This will follow the exact same process as stage two, but will integrate the codes and analysis of all previous interviews, allowing them to guide all steps in the interview process including further recruitment, to help alter the sample to satisfy standards of representation. This process will continue until data saturation is reached.
Once data saturation is met final synthesis and analysis can begin. Since methods may have changed at every stage with each participant, the method of synthesis is impossible to lay out here. However, through countless progressive iterations of unitizing and coding, much of the codes and directions will have already been developed by this point. All participants should remain involved in conversations on the progress of the research, the nature of the results, and the avenues for public release of results.
A mixed-methods approach can help to uncover the societal and personal causes which motivate people to seek out scientific information on Wikipedia. Assuming that users must actively seek to engage with Wikipedia, a Uses and Gratifications theoretical foundation might best help to describe these primary driving factors, especially within the socio-cognitive model outlined by LaRose et al (2001) which distinguishes between gratifications sought and gratifications obtained. An inquiry into this question should involve the following methods: 1) analysis of Existing Open-access Metadata, and 2) Survey Research.
While it would be most helpful to do a referral path and click path analysis, access to the necessary data is difficult (Gyllstrom & Moens, 2012). Though Wikipedia makes much user data freely and openly available, path data is not one of them, however, pageview data is. Significant surges in view counts over the lifetime of the “Chicxulub crater” (2020) article, compiled and available on sites like https://www.wikishark.com/, might correlate with other notable media events, providing a potential source to infer possible causes. For example, there may be time correlations between surges in pageviews of the article, Google searches related to the Chicxulub crater, and news coverage of the topic, suggesting a link between user searches and news media coverage.
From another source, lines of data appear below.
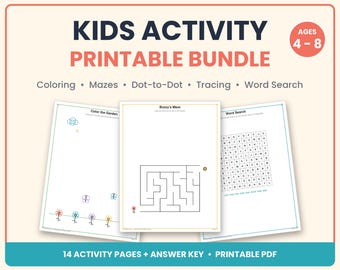 May include: A printable kids activity bundle for ages 4-8 featuring 14 pages including coloring, mazes, dot-to-dot, tracing, and word search. The document includes an answer key and is provided as a PDF with various activity sheets.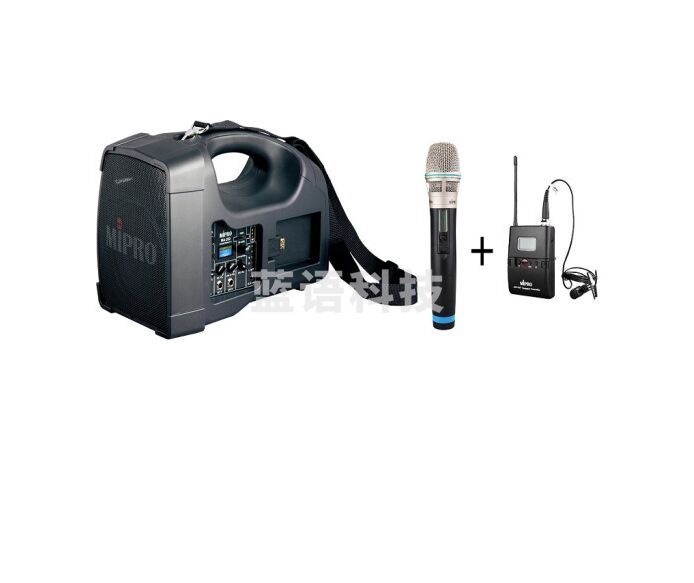 咪宝 MA-202B户外无线手提移动便携音响可插卡充电式扩音器带话筒 1手持1领夹话筒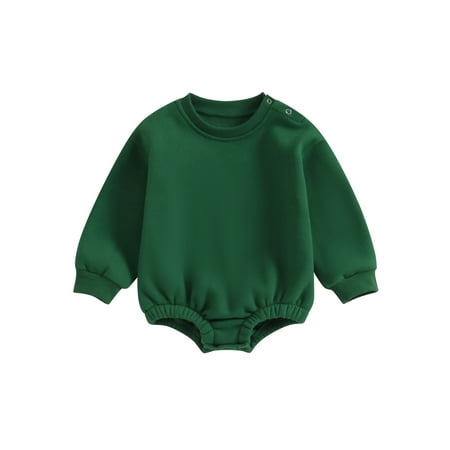 

Baby Romper Long Sleeve Crew Neck Solid Fall Casual Bodysuit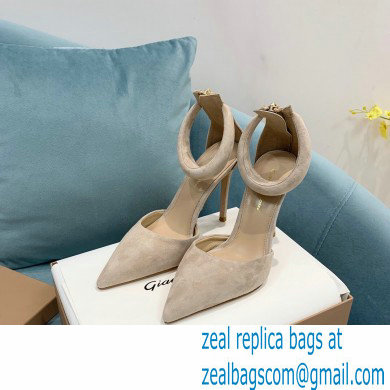 Gianvito Rossi Heel 10.5cm Bijoux Pumps Suede Beige 2023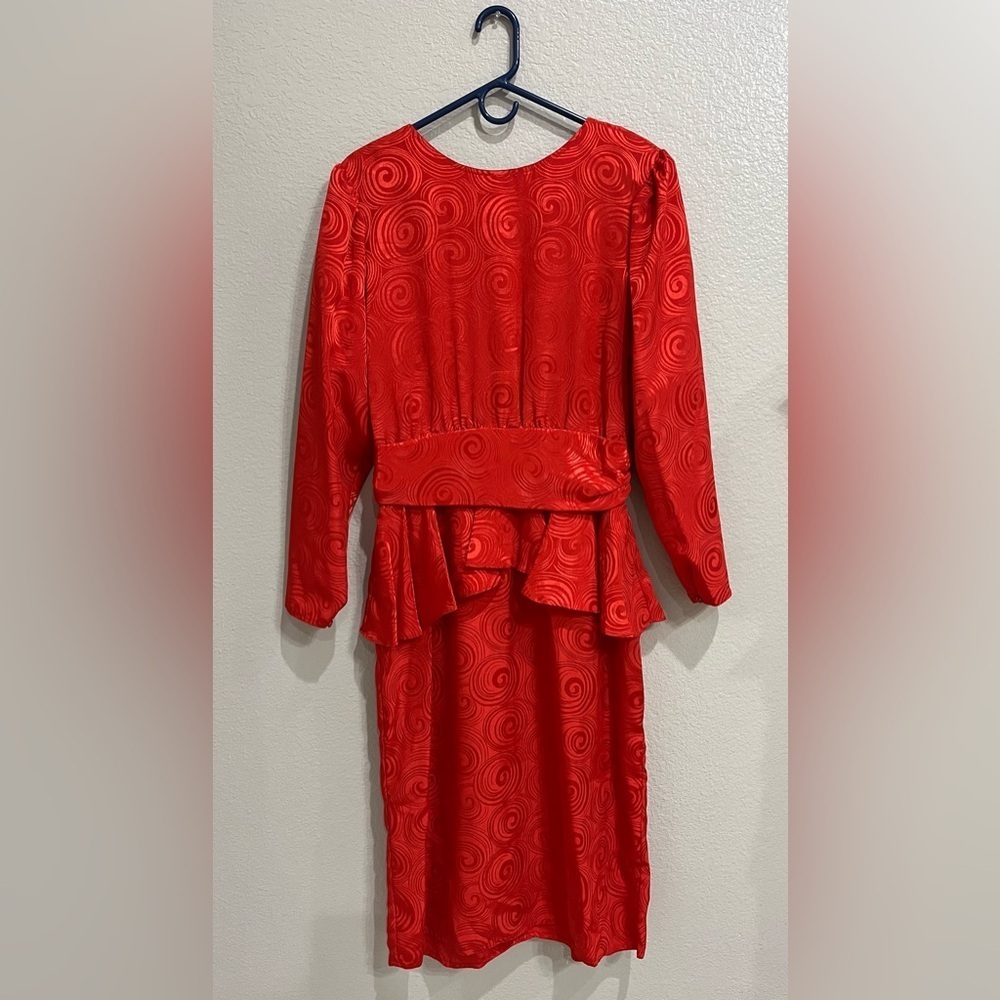 Vintage Elegant Womens Poplin Red Swirl Pattern Midi Dress Sz 14 Back Zip Formal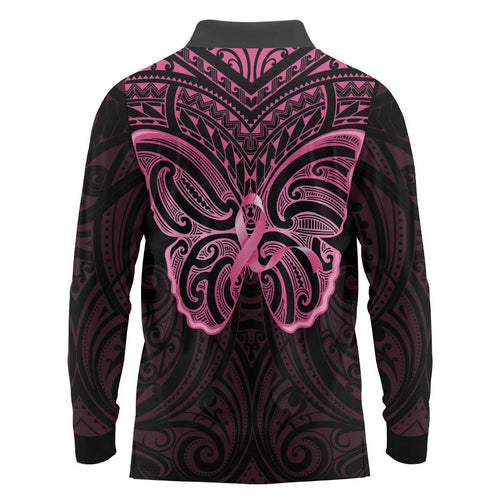 New Zealand Breast Cancer Awareness Long Sleeve Polo Shirt Maori Butterfly Pink Ribbon Black Version - Aussie Hoodie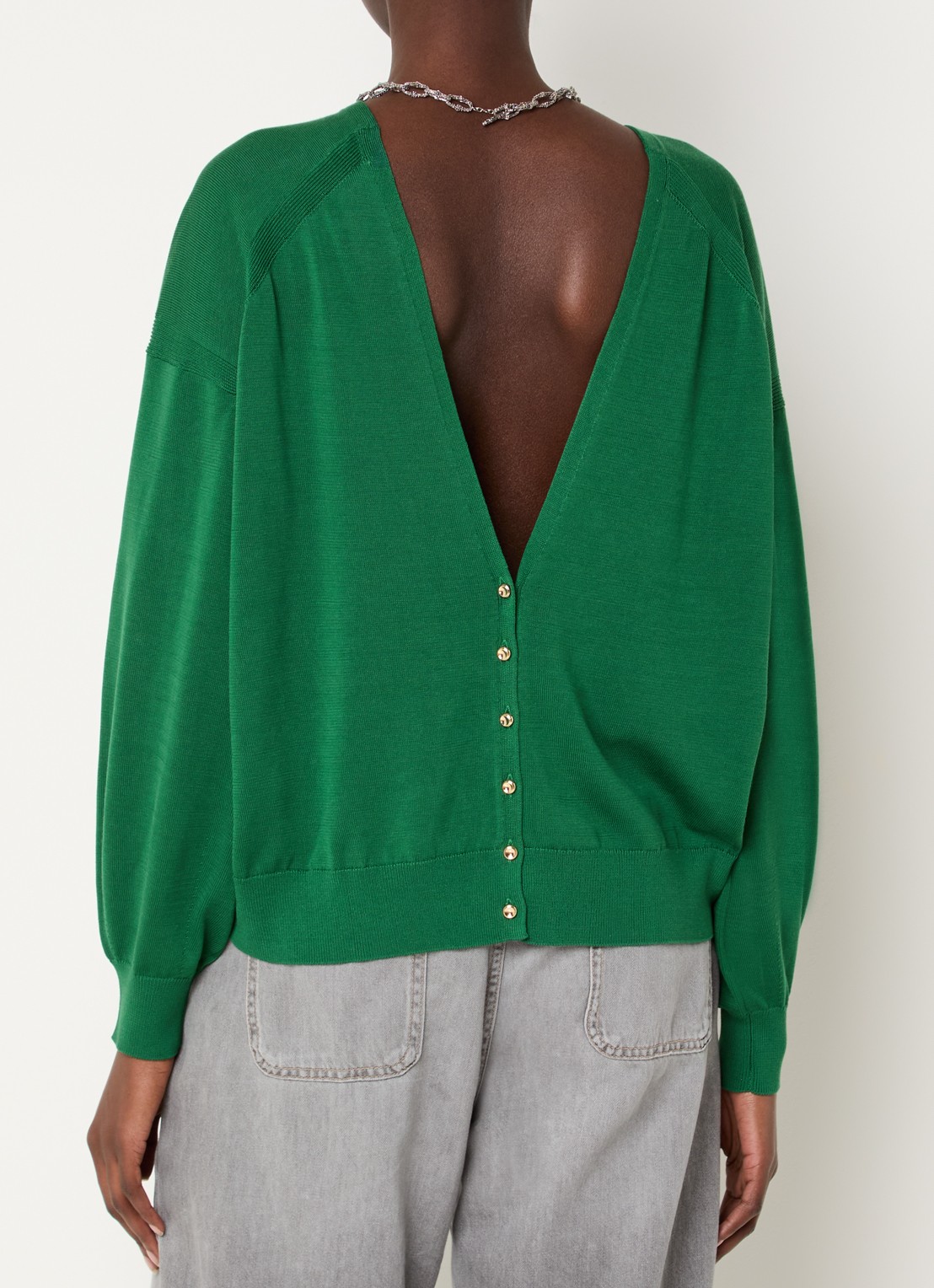 ba&sh Brenda fijngebreid vest in zijdeblend - detail 4 groen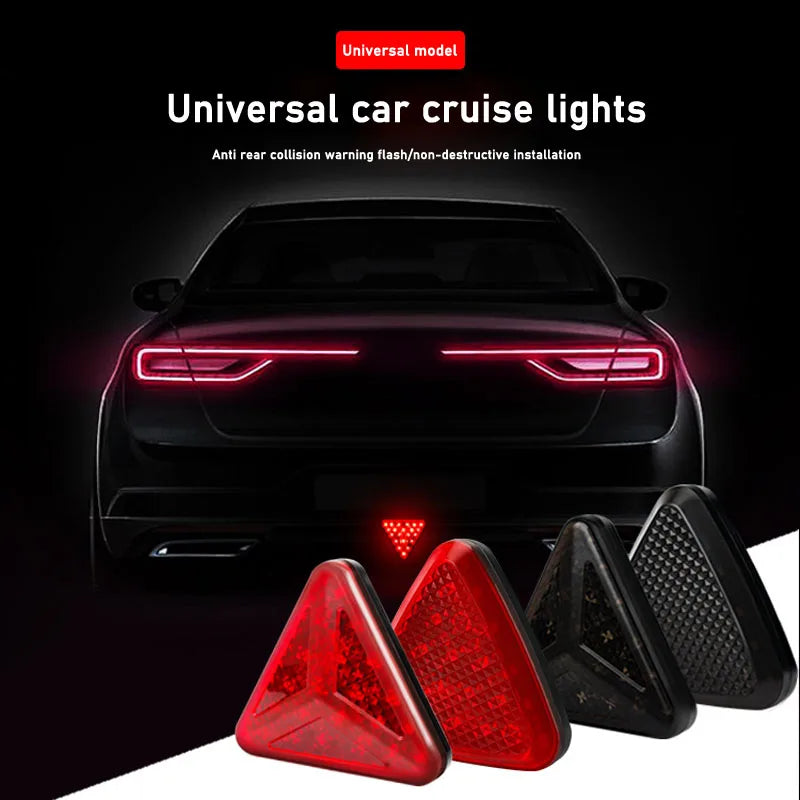 1PCS F1 Style Universal Led Brake Stop Light Triangle LED Rear Tail Light Reverse Safety Strobe Lamp for Car Auto Motorcycle 12V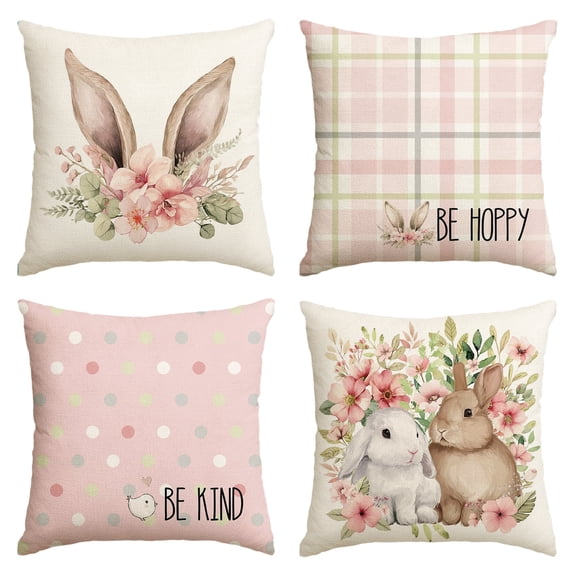 Sm:)e Rabbit Flower Buffalo Plaid Be Hoppy Easter Throw Pillow Cover, 18 x 18 Inch Polka Dot Bird Be Kind Cushion Case Decoration for Sofa Couch Set of 4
Self-reported data, via surveys, specifically questionnaires, could greatly enhance the coarse digital data by describing what factors drive an individual to access Wikipedia for scientific content. However, using a single article presents a major issue with this method. How could the researcher discover who has accessed or read the “Chicxulub crater” article and how could they get in contact with them? This means that a single article approach will simply not work. Thus, in this case, the starting point will have to change from the single article to participant responses on a broader platform-level inquiry. Random surveys should group participants into general standard demographics, seek to quantify their stated interest in science, and then attempt to understand behavior by asking which scientific Wikipedia articles they might have accessed, why they did so, which “needs” it did or did not “gratify”, what situations they believe would lead them to accessing scientific content on Wikipedia again, and other questions interrogating behaviour and motives. This survey should be distributed in progressive iterations to test general success, interrogate methods and ethics of demographic categorization, and discover opportunities for other data and lines of questions before being distributed en-mass.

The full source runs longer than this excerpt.